# A basic Discourse archival tool

That’s very optimistic and assumes that the user or a proxy server didn’t change the user-agent. That has the potential of worsening the user experience for a lot of power users. I wouldn’t want to face the angry mob.

3 Likes

On the contrary, I think general purpose web proxies would rather not change the user-agent and if they do, they would prefer to change it to something that mimics a web browser, because they know some web applications reject requests coming from unknown user-agents. I have experienced many sites who would return a splash page or reject the connection when fetched using curl or a Python library without setting a custom user-agent that contains something like “Mozilla”.
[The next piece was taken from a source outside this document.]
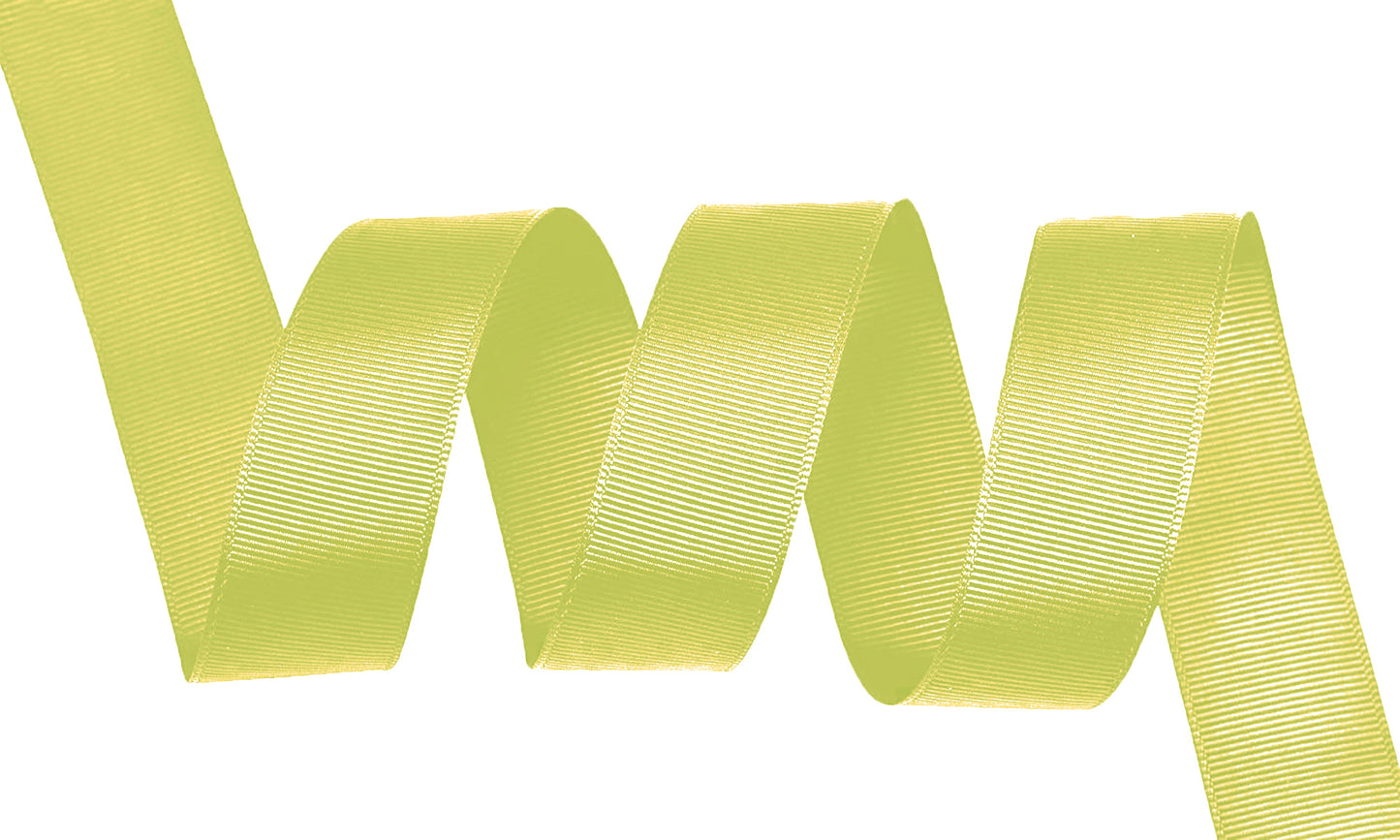 5 Yards Solid Lemon Yellow Grosgrain Ribbon Yardage DIY Crafts Bows USA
However, your concern is legitimate, but it can be solved by log analysis of a busy site. For example, remove all the requests that contain the name of one of the well known browsers, crawlers, and other popular user agents, then plot the histogram of the remaining user agents to identify potential proxies. Those can be added as capable user-agents list. I still believe that capable user-agents are more limited in number and deterministic than otherwise.

Alternatively, to deal with such false negatives, we can add a small piece of JS code in the static response that, if executed, would inform the server to serve the rich version. This will trigger only one redirect for the base page and rest of the experience will happen via Ajax/Fetch as usual.

2 Likes

I submit that you should examine your user agent logs.
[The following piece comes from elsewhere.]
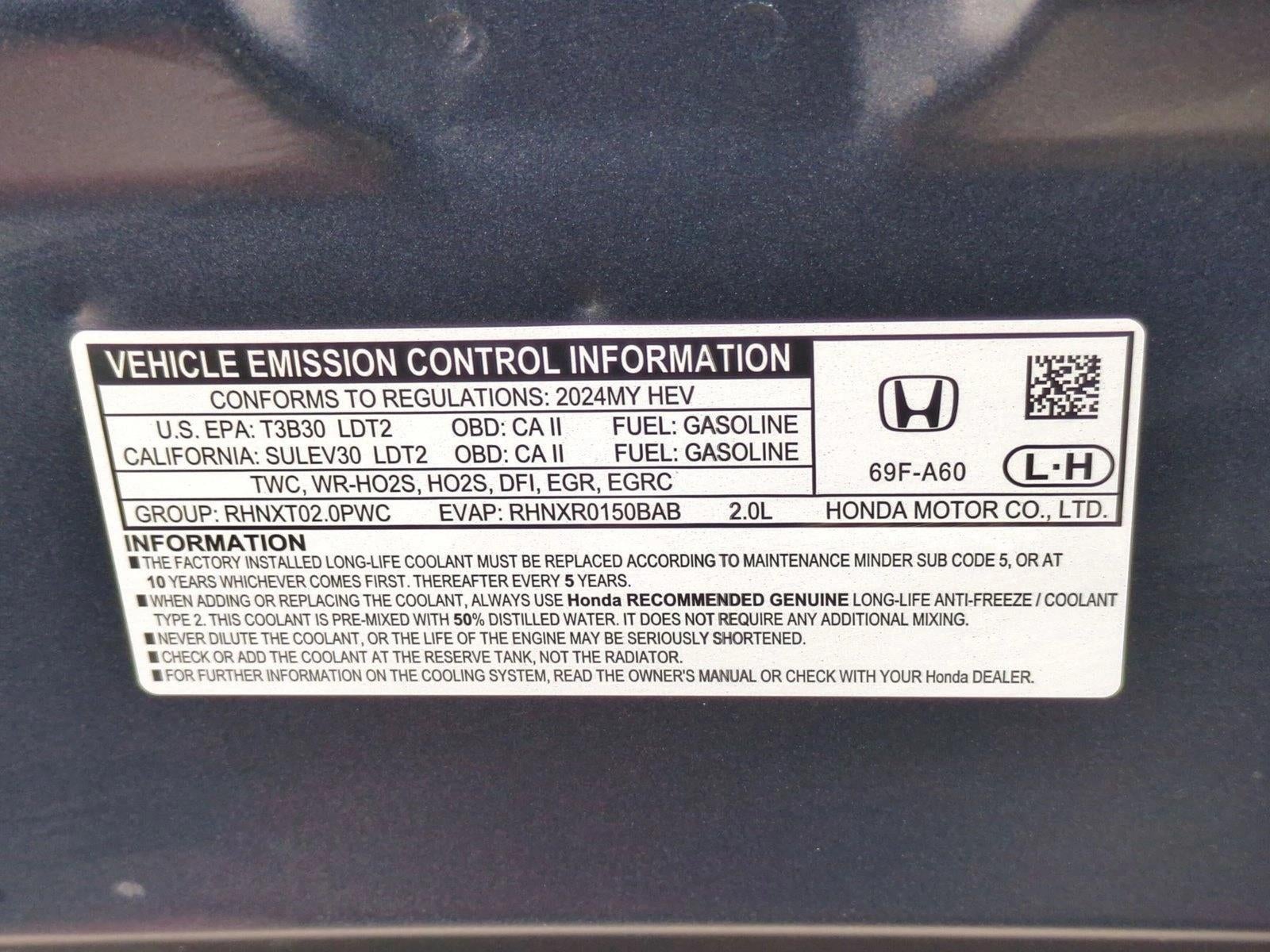 2024 Honda CR-V Hybrid Sport-L FWD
Absolutely not; you design for the world you want to see, not the hellish, post-apocalyptic wasteland you desperately hope it does not become.

3 Likes

I totally respect the attitude and philosophy of any given software. However, in this case, there was a problem in front of me and I was simply proposing a potential practical solution that would be maintainable while being more accommodating for tools with different purposes.
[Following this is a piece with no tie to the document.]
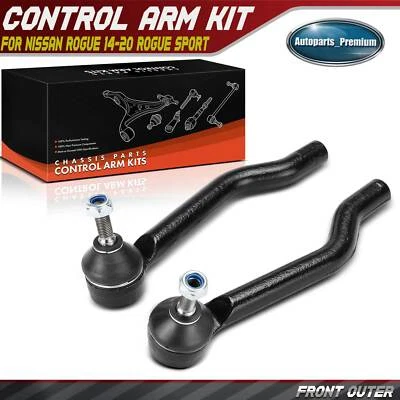 2 внешних конца анкерного стержня переднего водителя и пассажира для Nissan Rogue 14-20 Rogue Sport - Изображение 1 из 4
For example, say, “the world we want to see” is one where all web clients are very capable and smart, that behave as if a full blown web browser is being operated by a real person. So, we crated a very rich experience which is optimized for that. Say, we did not put any thoughts in our design for “the hellish, post-apocalyptic wasteland you desperately hope it does not become” and ignored them completely, just because we don’t want the world to be like that. What we would end up with, a shiny, functional, and fantastic piece of software who’s great content wont be discovered by various search engines unless search engines start simulating real users at crawling time and perform every possible interaction (clicking/hovering over all possible targets, panning, zooming, endless scrolling and whatnot) to load all possible content and build the interactivity tree. Then we step back and compromise with the “post-apocalyptic wasteland” because we realize that our forward thinking and world changing idea might not go forward without the help of the existing wasteland.

I personally believe in being more inclusive as long as it is practical. Every software has its own purpose. For instance, I would perhaps not like “curl” to start supporting interactive JS-rich HTML rendering, or “wget” to build frontier based on post-JS execution representation. It is on us as software designers to decide if we want these non-browser based players to interact with our web services in any meaningful way or not. Beyond these two examples, there are many more use cases and purpose-built tools that wont migrate to our shiny new world because either they can’t or that would kill their purpose. Sometimes we decide to be inclusive or not so inclusive based on factors like the effort it would take, the value it would bring, or sometimes solely based on the attitude of the software in making.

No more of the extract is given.